Three Things from Edmonton podcast - Episode 70: the pass, the goal, the pic
For days lately, I have resembled nothing out in the world more closely than Los Angeles Kings goaltender Jonathan Quick lying face down after McDavid tore through his defence and tested positive for greatness in Game 7. Covid has brought me down.
Here is Three Things podcast, episode 70, a triptych tribute to that goal.
1. The pass
When Shell built a filling station in the field behind our house in the northeast end in the 1970s they also put up a big wooden fence to keep us alley kids from cutting through a grassy patch on our way north to Londonderry Mall and the wilds of Dickensfield. That fence was our introduction to the attempted corporate control of our free movements. We resisted. For years we knocked one plank out of the fence every time it was nailed back into formation.
I love passes—those boy-made or natural gaps between obstacles, those paths through or over, those ways up and out. We have some stunning passes in this part of the province. Sunwapta and Bow are two of the beauties between Jasper and Banff in the Canadian Rockies.
The scenic, icy Gretzky-Kurri Pass was a way though Long Island on the way to the promised land in Edmonton in the 1980s. In this vein, the Yamamoto-McDavid Pass delivered a stunning view last week. Kailer Yamamoto carried the puck toward the centre line with Connor McDavid flying furiously down the left wing boards. It was a 2-on-2 rush. Two Oilers against two of the Kings men. The advantage is always with the defence in that situation. But that pass found a way through the always. Yamamoto flicked the puck gently across the centre line, landing it where it could have been easily intercepted by the Kings defender, if he hadn’t turned his back to the play to vainly try to keep up to the Oilers captain, who, as the puck landed, cut back toward to the centre of the ice to catch it at full speed, stay onside and take it in alone on a breakaway. It was a beautiful pass to the C.
2. The goal
The goal itself reduced the Kings players to extras in a movie scene. The defenceman undone by McDavid’s sharp cut to the puck was humiliated a second later by hooking but failing to slow #97’s path to the net and then again humiliated a second after that as he gave up trying to tame McDavid, preferring instead to complain to the referee about a delayed penalty. Or he was appealing to Newton for mercy from the first law of motion. Either way, this defenceman chose to stop being embarrassed by stopping trying to stop McDavid and, instead, gliding to a stop behind the net where he could join the 18,000 fans in the building watch the inevitable unfold. That meant that a back-checking King forward was the only one to face McDavid as he wheeled behind the net and back out to the slot after collecting his own rebound on a wraparound shot. McDavid neatly put the puck through this defender’s legs, banked it off his skate blade, collected it with own skate with a kick to his stick and ended the pinball wizardry by backhanding the puck over the Kings goaltender. Tilt!

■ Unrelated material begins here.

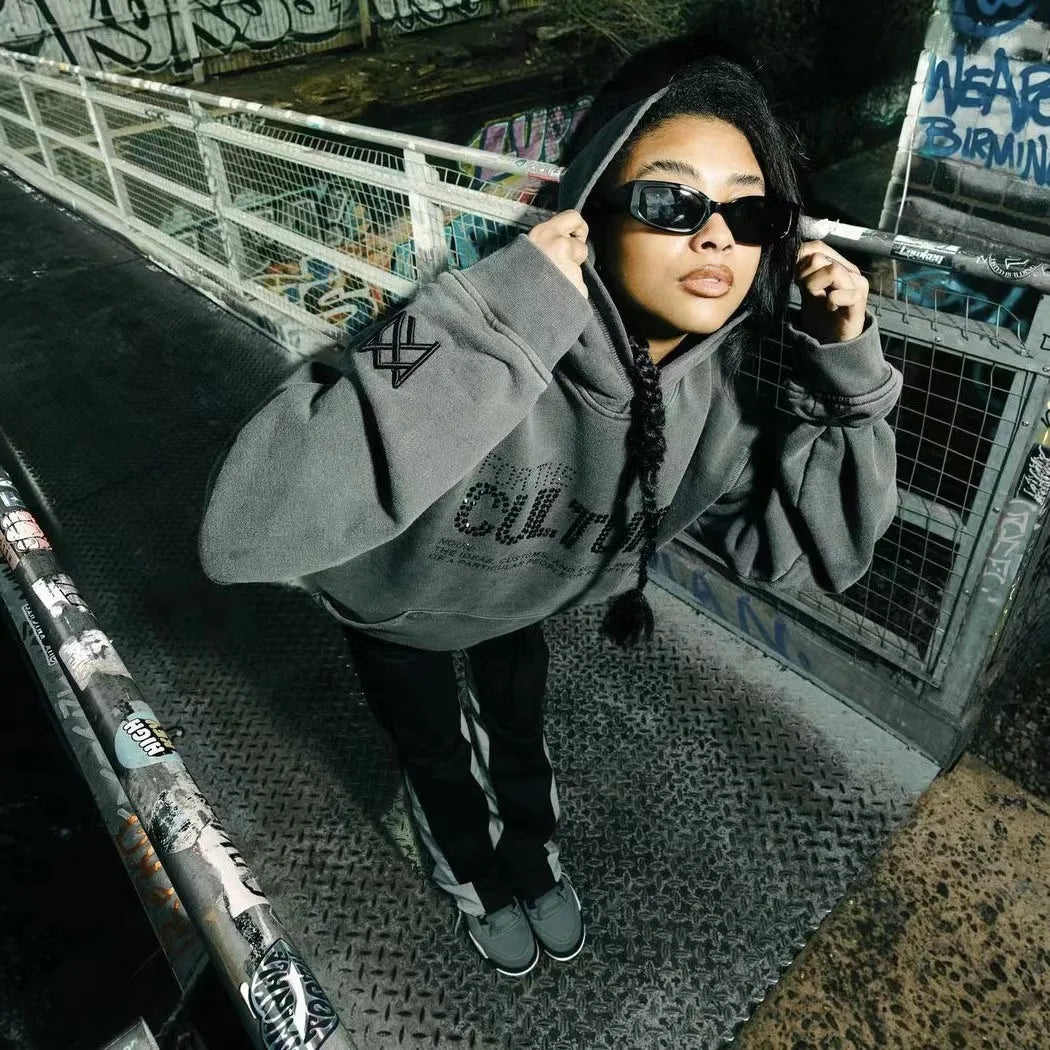 Robin Hoodie | Uniseks Hoodie met Rhinestone Details en Urban Streetstyle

It was, says Three Things hockey correspondent David Blatt of Tulsa, Oklahoma, “one of the most remarkable goals I’ve ever seen. Pure force of will by McDavid.” Amen.
Jeff McIntosh, The Canadian Press
3. The pic
The aftermath of it all was captured in a photograph by Jeff McIntosh of The Canadian Press. It’s a sculpture as much as a photograph. The Kings goaltender is prostrate, undone, undressed, his head buried in his blocker and catching glove while he awaits absolution. An L.A. defender is standing there frozen, helpless, forever. The dancing fans behind the glass behind the net are euphoric. They could be figures in their natural habitat preserved in a diorama at the Royal Alberta Museum. Not visible in the wreckage is the puck.
I remember hanging around the photo desk at the Edmonton Sun on game nights in the 1990s, listening to Perry Mah talk about hockey photography. You had to see the puck in the net, he would say. It’s a kind of punctuation mark, like a period to close a sentence. Now, this photo of McDavid after the goal doesn’t have the puck. It has McDavid himself, just off centre in the frame, still galloping, this time coming at you in celebration, his stick gripped in one hand like an exclamation mark in a joust.